▶ EXERCISE REQUIREMENTS:
Only the lines below from the one containing "A close-up of the leaves of a green plant." through the one containing "Winnie I smell" belong in the answer, set down exactly, with the pictures left out.

[Data records]
● ● ● ● ● ● ●
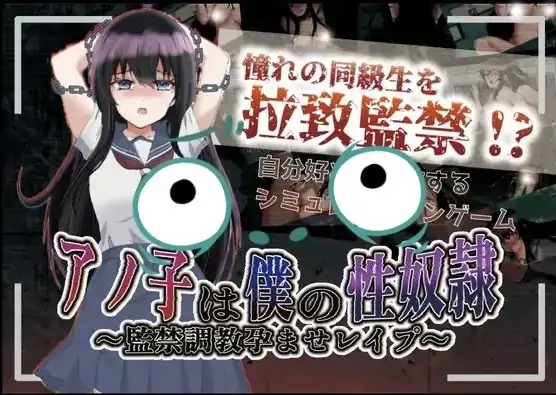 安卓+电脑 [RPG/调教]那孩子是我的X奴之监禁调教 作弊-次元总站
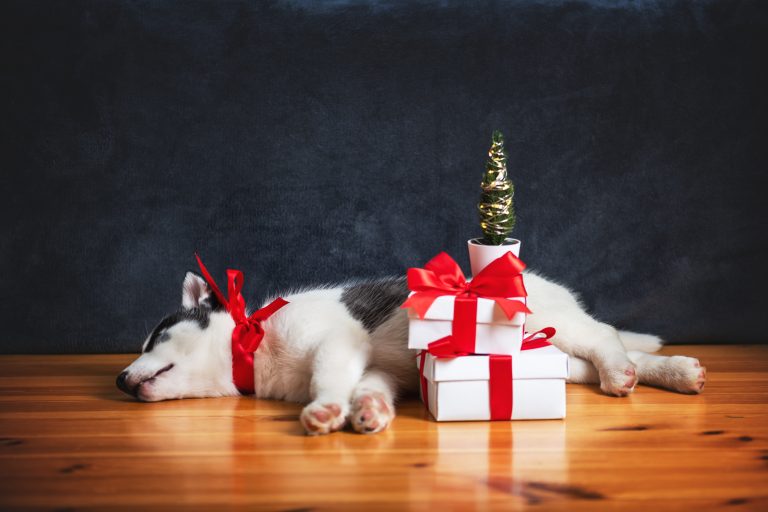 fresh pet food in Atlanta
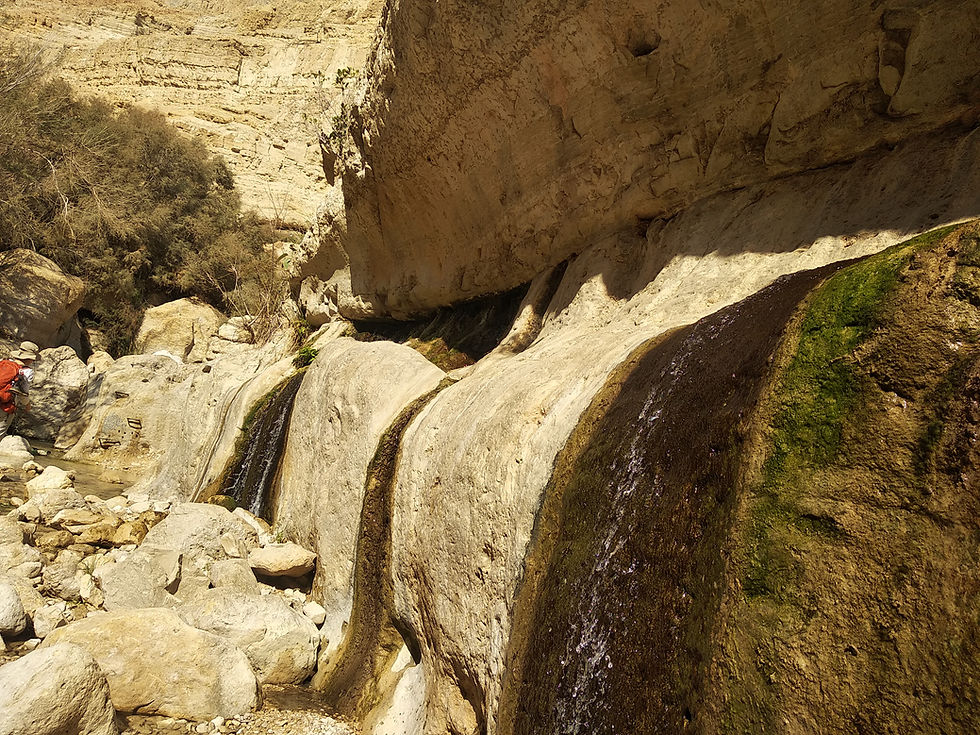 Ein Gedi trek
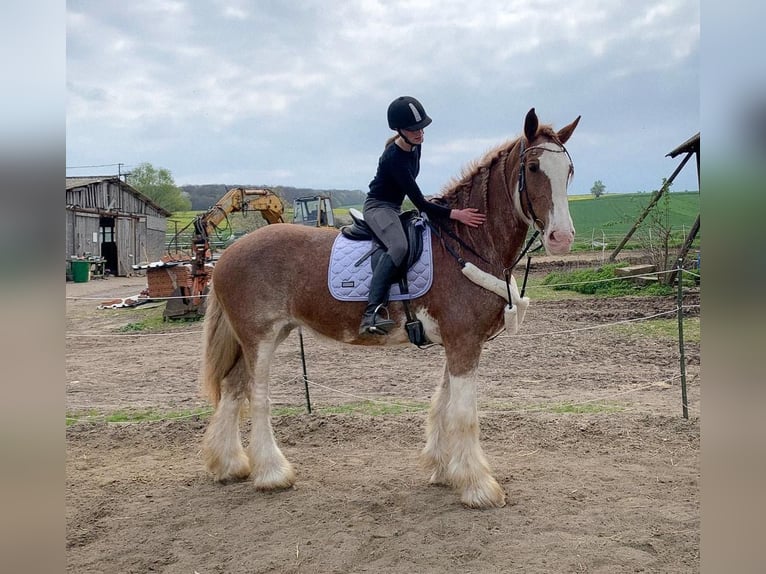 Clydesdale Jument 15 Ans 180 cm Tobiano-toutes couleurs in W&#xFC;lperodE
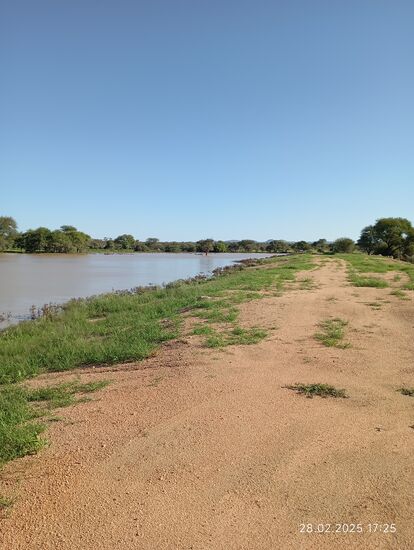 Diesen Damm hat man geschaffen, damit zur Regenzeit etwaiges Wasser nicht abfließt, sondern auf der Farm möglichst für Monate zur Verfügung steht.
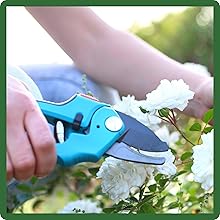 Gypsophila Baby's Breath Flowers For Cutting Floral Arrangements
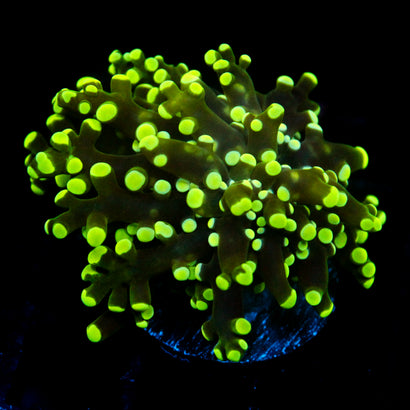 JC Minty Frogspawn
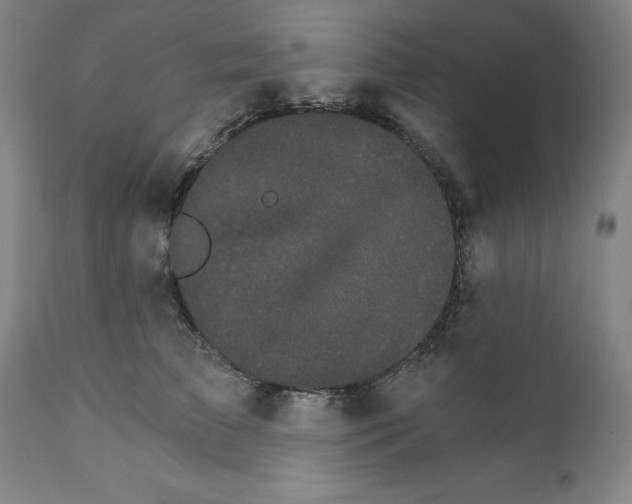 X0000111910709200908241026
● ● ● ● ● ● ●
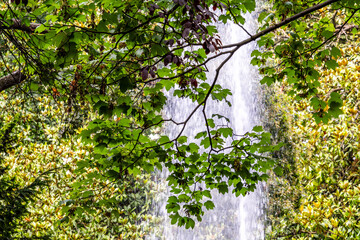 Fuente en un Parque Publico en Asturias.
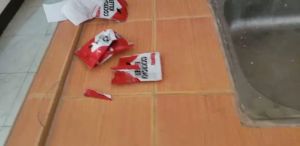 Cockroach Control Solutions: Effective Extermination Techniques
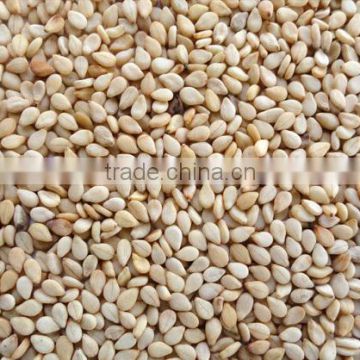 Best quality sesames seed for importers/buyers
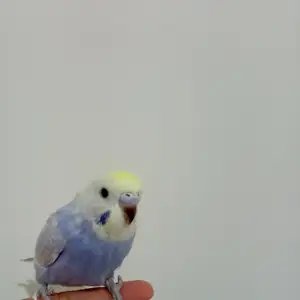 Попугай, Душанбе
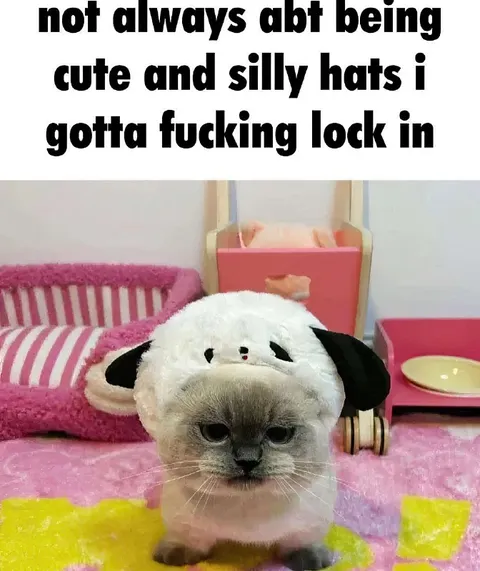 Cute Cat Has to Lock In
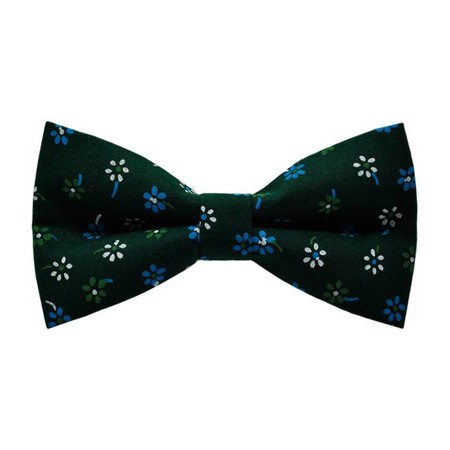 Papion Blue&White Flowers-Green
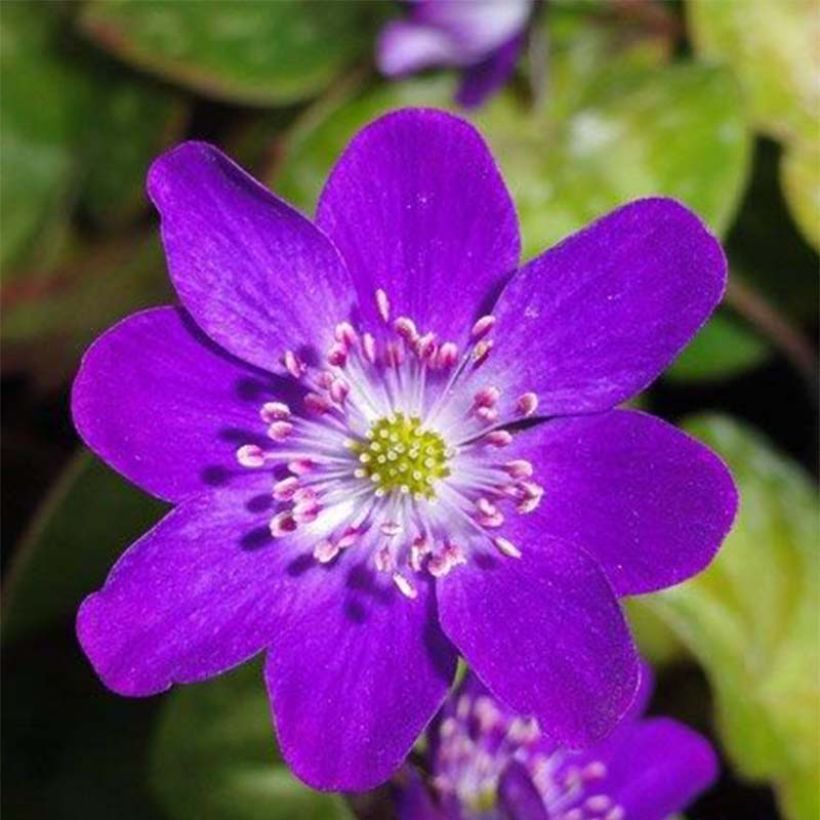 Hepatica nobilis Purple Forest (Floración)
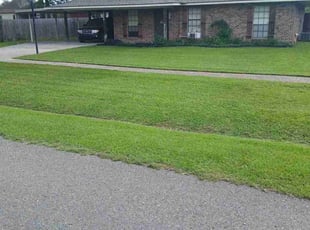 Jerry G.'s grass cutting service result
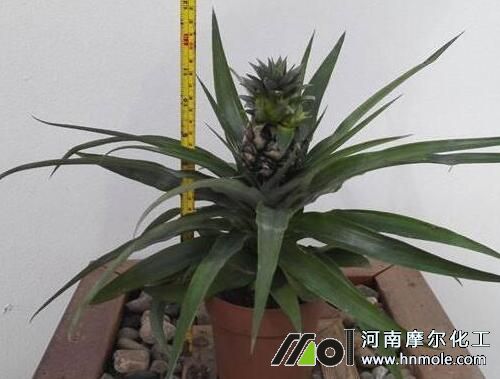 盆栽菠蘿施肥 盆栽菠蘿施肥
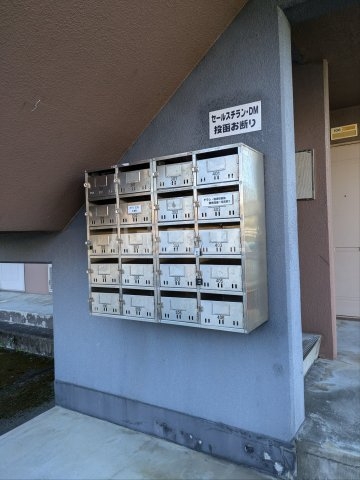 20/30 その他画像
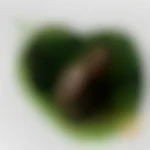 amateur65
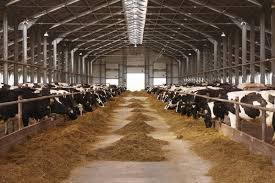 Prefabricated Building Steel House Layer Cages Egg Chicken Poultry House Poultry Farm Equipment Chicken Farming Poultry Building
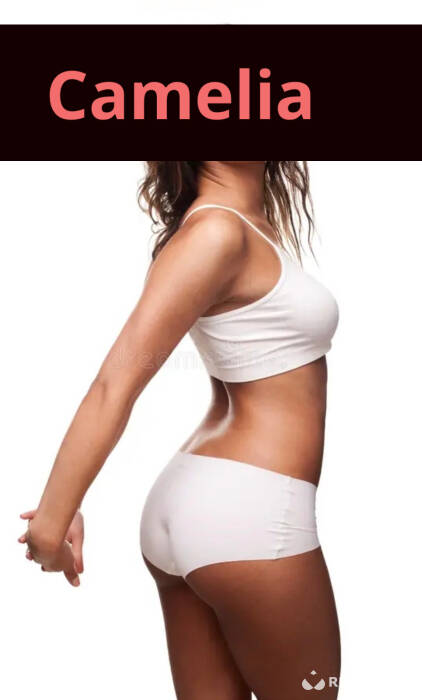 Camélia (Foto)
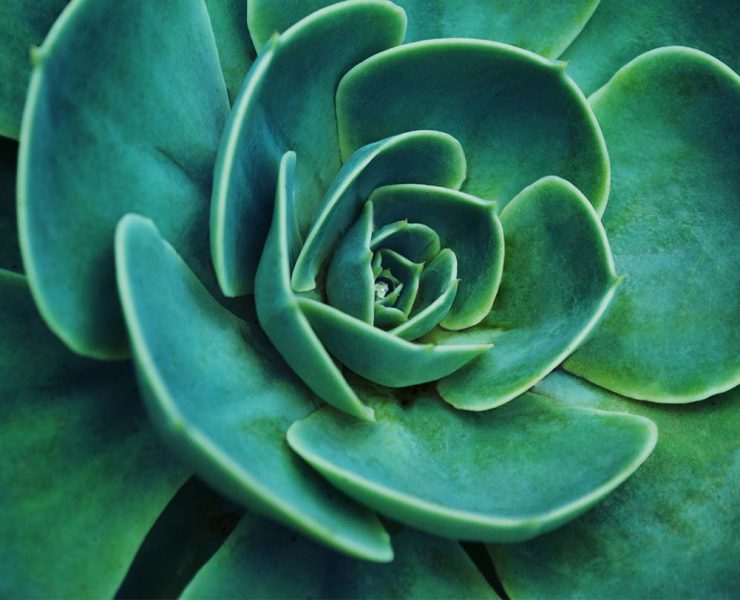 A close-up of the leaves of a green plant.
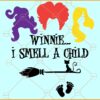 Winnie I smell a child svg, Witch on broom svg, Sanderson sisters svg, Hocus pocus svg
● ● ● ● ● ● ●
▶ SOLUTION:
 A close-up of the leaves of a green plant.
 Winnie I smell a child svg, Witch on broom svg, Sanderson sisters svg, Hocus pocus svg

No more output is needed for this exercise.